**PROBLEM:** The records below hold a stretch from the line with "A modern bathroom" through the line with "Postel nebo postele"; return exactly those lines, ends included, and nothing more.

(THE RECORDS)

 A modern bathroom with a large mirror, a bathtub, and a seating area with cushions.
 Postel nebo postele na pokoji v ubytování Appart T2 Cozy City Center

(End THE RECORDS)
(THE RECORDS)

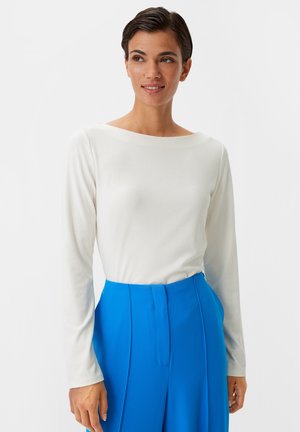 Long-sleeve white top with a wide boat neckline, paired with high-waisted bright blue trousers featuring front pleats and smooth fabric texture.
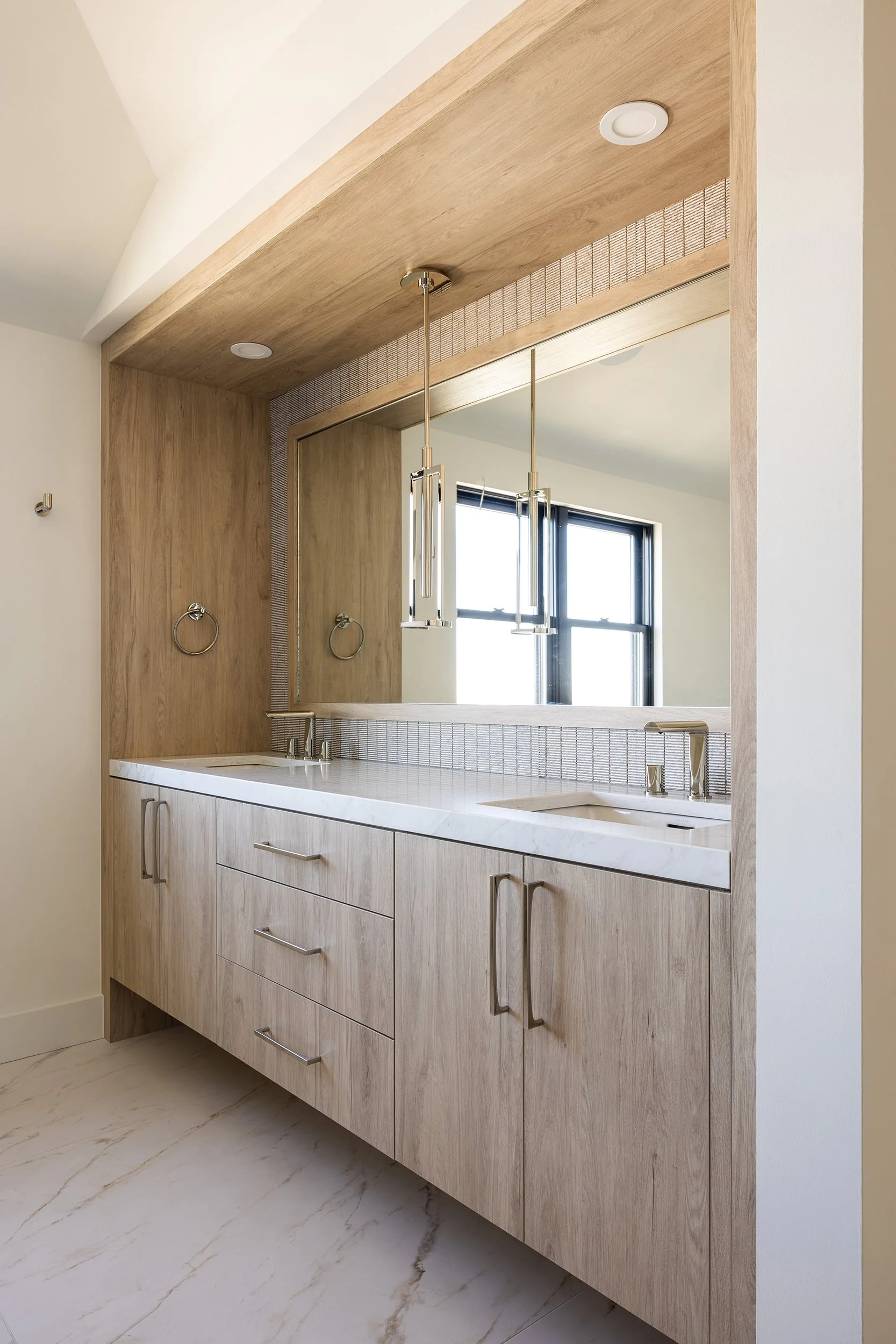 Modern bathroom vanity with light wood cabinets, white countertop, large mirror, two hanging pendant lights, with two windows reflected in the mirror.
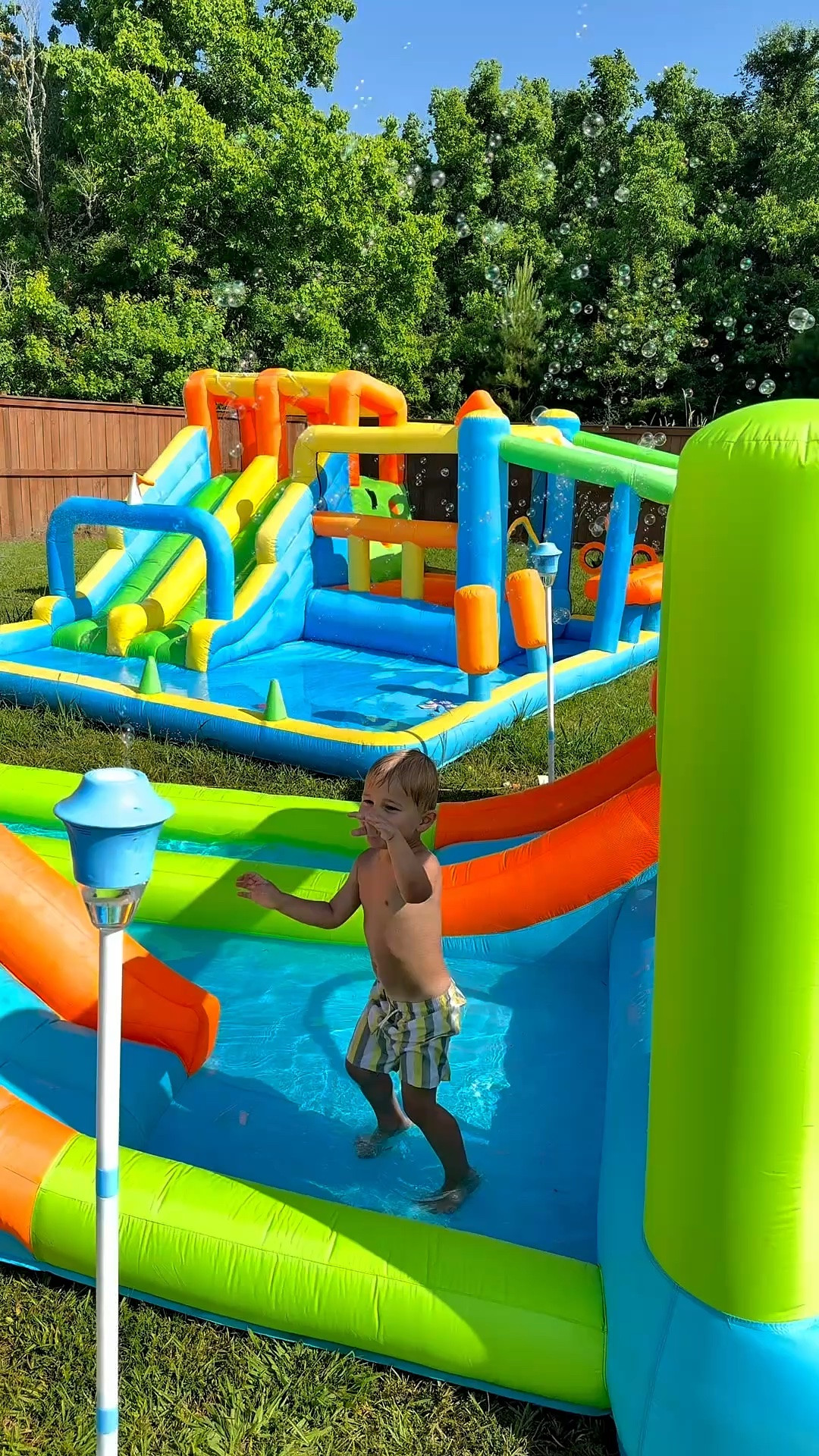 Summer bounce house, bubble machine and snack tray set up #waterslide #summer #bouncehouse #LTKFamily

(End THE RECORDS)
(THE RECORDS)

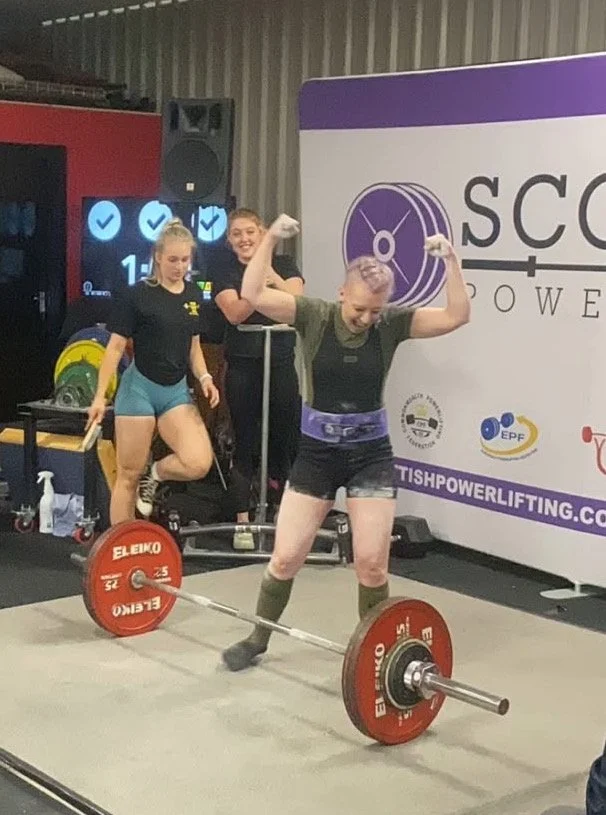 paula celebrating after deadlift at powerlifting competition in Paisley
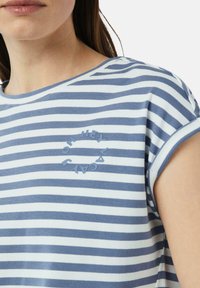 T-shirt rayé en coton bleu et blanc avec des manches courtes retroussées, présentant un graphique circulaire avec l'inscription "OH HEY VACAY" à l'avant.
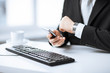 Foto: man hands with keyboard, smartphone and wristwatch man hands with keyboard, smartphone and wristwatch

(End THE RECORDS)

**EXERCISE SOLUTION:**
 A modern bathroom with a large mirror, a bathtub, and a seating area with cushions.
 Postel nebo postele na pokoji v ubytování Appart T2 Cozy City Center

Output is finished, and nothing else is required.